If the problem is one you faced a billion times, then either use the existing trusted solution and modify it, or if there is no such thing do the proper thing from the start.
If you have a problem where later adjustments are an issue for you (e.g. time wise), solutions that take that into account are superior to ones that are not.
I work with art students and program probably three new projects a week. It is okay to anticipate the needs of the people you work with and not have them spell out everything, it is okay to make a good solution even if no one asked for it, especially if you work with hardware.
E.g. knowing my "customers" I knoe they will return 2 hours before their exam is something is wrong. Guess when that debug mode comes in handy? Exactly then.
There are however ways that needlessly overcomplicate solutions or add more moving parts than needed or simply waste valuable time in the wrong moment. These need to be avoided.
What is the best way to write a program? Depends.
But I actually think that things like JSON Schema, UML, and READMEs are not unnecessary complexity, but rather function as a kind of social language. Just implementing things and not adding complexity to the library means, on the flip side, that there's a high risk of creating a system that only those who already know it can understand.
People always say 'You should YAGNI!' but that often just leads to tribal knowledge.
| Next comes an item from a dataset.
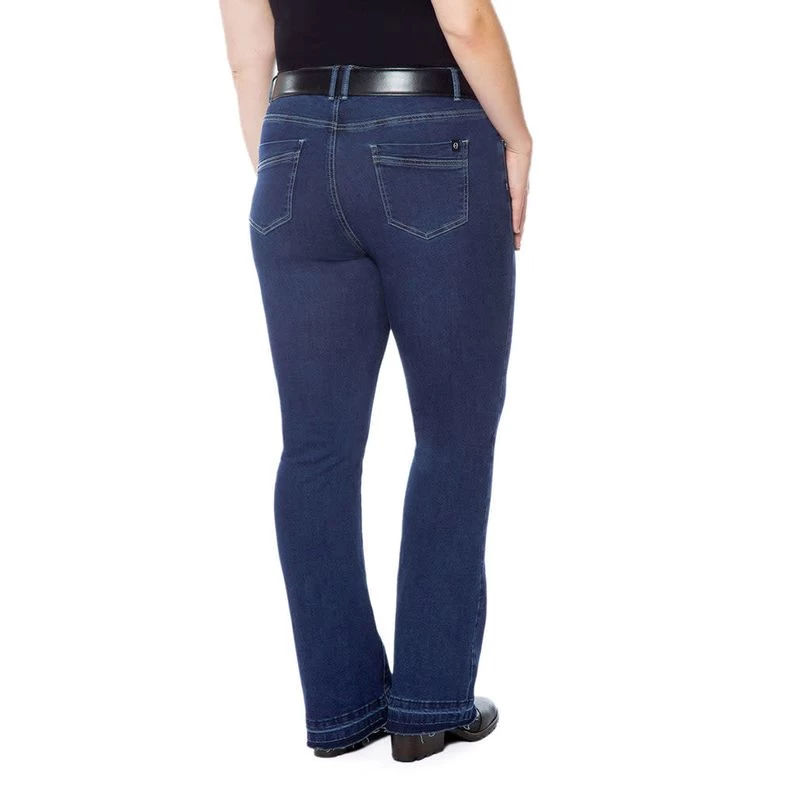 EQL Women's In Motion Bootcut Jean W/Raw Hem - Midnight Wash 8 EQL Women's In Motion Bootcut Jean W/Raw Hem - Midnight Wash - Image 6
In a startup, that knowledge tends to stay only with the founding members. It would be great if this tribal knowledge were always passed down, but there inevitably comes a point when it breaks, and then you're tied to the founders' bus factor. The code I'm brought in to maintain is exactly like this. Layers of tacit knowledge, like how certain hardware issues were missed, so if you code it the 'correct' way, it breaks.
Of course, as the OP said, documenting everything and drawing UML is also a failure. Personally, I don't think documentation is always necessary either, because keeping documentation up to date also costs time and effort.
And in reality, codebases are never clean. They change shape according to the organization's power structure. If the DevOps team is powerful, the infrastructure code gets thicker. The way API boundaries are drawn shifts depending on how responsibilities are split between backend and frontend teams.
For example, when I participated in API design as a backend developer, the frontend company asked me to put all the metadata for a single entity into one API. Their reason was that it was hard for them to handle multiple requests and they'd rather do the filtering on their own side. In reality, the right design would have been zero-trust, where I only send what's necessary. But since they were a tier above me, I just went along with it.
In that sense, I wonder if Silicon Valley culture, which carries a narrative of starting small and growing into one unified whole, is why these practices are seen as universal. I personally think using JSON Schema or writing libraries is a kind of social convention, but I don't necessarily agree with it. That said, I think the OP's opinion can be summarized as: 'Scale up when you need to scale, and don't create unnecessary boundaries that don't fit your organizational structure.'
A small team moves fast, sees user feedback, and redesigns boundaries through refactoring when needed, growing the system along the way. It's cliché, but it's also the hardest part, and it varies depending on the programmer's experience.
I envy developers in Silicon Valley. The idea of owning code and being able to make these kinds of arguments feels so foreign to me.
When I deliver software, based on my experience, I just paste in the most complex template I can think of, regardless of scale. Honestly, that's a bad programming habit too. For small code, opening, writing, and closing within a single method is often enough. The key question is whether the program keeps running, so there's no need to overcomplicate with layers.
Smart programmers usually know at what scale to stop when designing. But for a copy-paste-style coder like me, who just assembles code blocks that worked well before, it's a different story. That often ends up taking more time.
Whenever I start a new project, I immediately think about error policies, validation tables, evidence tables, and so on. I struggle through them, which sometimes delays things. But reading posts like this always feels fresh.
Sometimes I wonder: am I really a programmer, or just a factory worker?
pphysch•47m ago
This is a good metaphor and is more effective than the neologisms and acronyms of the rest of the article. The author claims a "middle path" but doesn't even connect it to this real world metaphor.
It seems the author is really advocating for the "left path", but only if you are a experienced programmer and with a sprinkle of QC. In the real world metaphor, this would be like hacking through the jungle, but making a little effort to ensure your path is visible to someone else, not unnecessarily dangerous, and makes pragmatic compromises (we will go around this cliff instead of bringing climbing gear or other heavy dependencies).
If you polled 100 SWEs on the example of 'skipping the JSON library and implementing de/serialization for a few objects ' and asked whether they thought it was a "left path" or "right path" solution I'm certain you would have a strong leaning to the left, and not a 50-50 that suggests a secret middle path.